Excerpted records:
==================================================

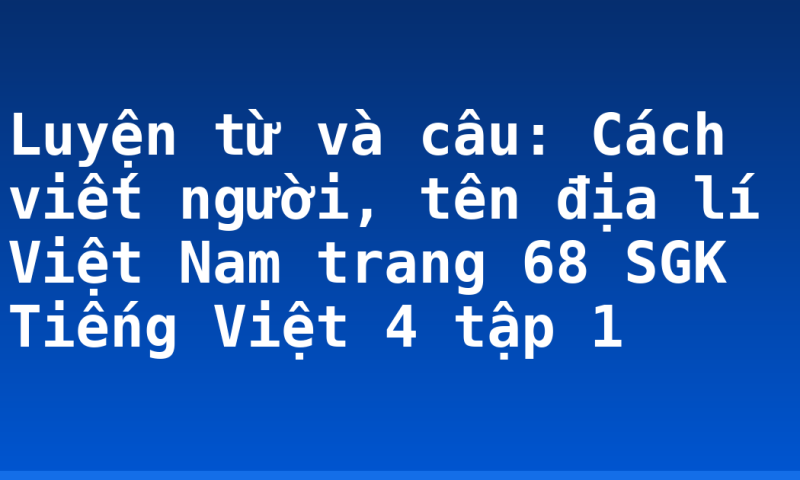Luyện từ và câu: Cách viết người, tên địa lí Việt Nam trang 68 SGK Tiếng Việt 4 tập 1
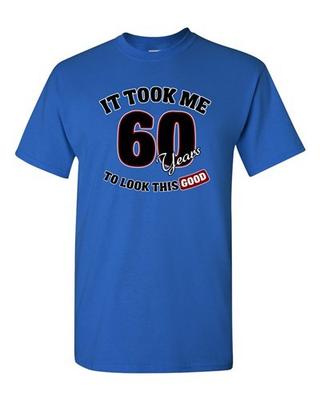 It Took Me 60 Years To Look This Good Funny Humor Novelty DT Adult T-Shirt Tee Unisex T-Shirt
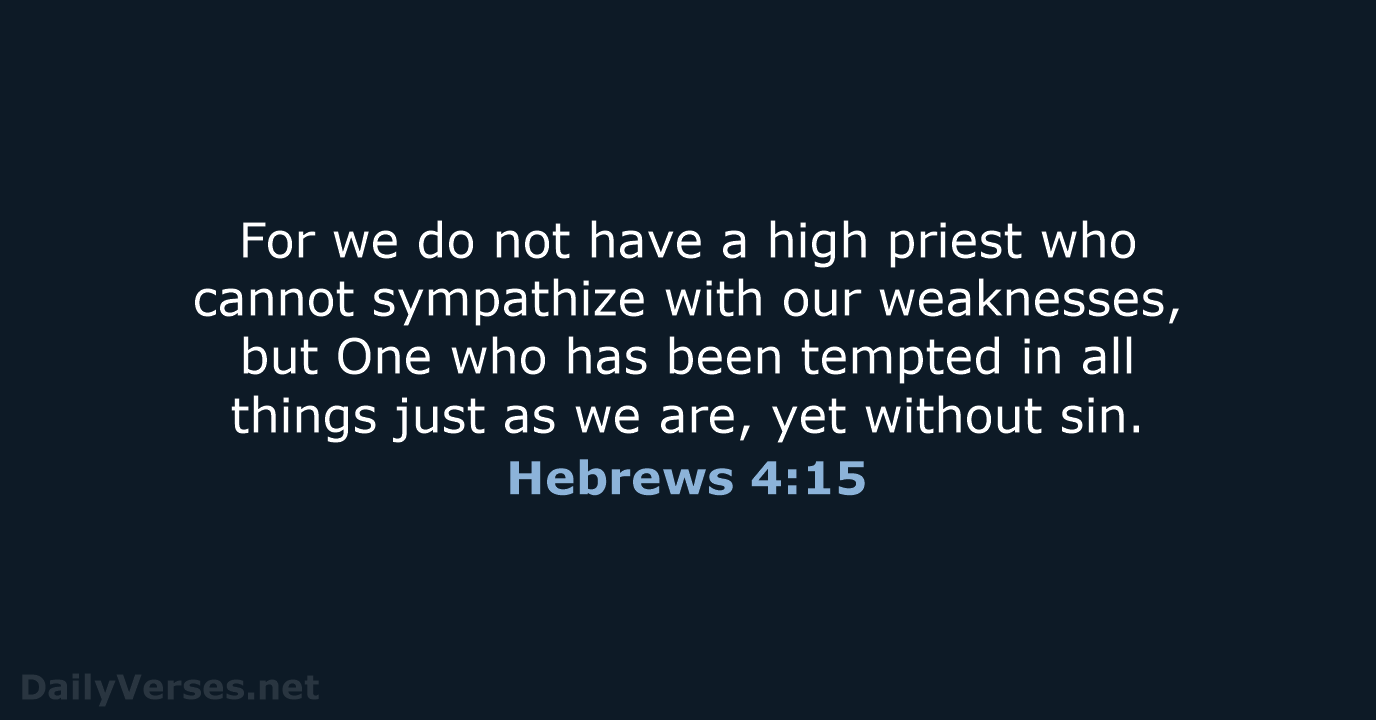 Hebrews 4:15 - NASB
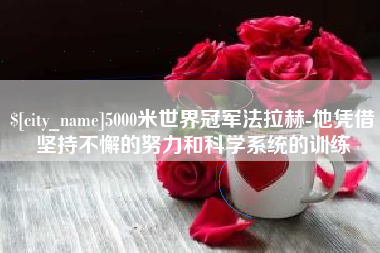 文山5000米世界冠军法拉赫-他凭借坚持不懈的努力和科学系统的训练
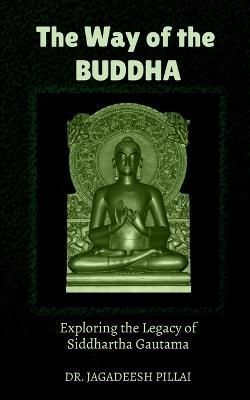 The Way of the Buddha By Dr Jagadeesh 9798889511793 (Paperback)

==================================================

To do: From the line with "文山5000米世界冠军法拉赫-他凭借坚持不懈的努力和科学系统的训练" through the final line of the records above, return each line exactly and nothing else. Pictures are to be skipped.

Exercise result:
 文山5000米世界冠军法拉赫-他凭借坚持不懈的努力和科学系统的训练
 The Way of the Buddha By Dr Jagadeesh 9798889511793 (Paperback)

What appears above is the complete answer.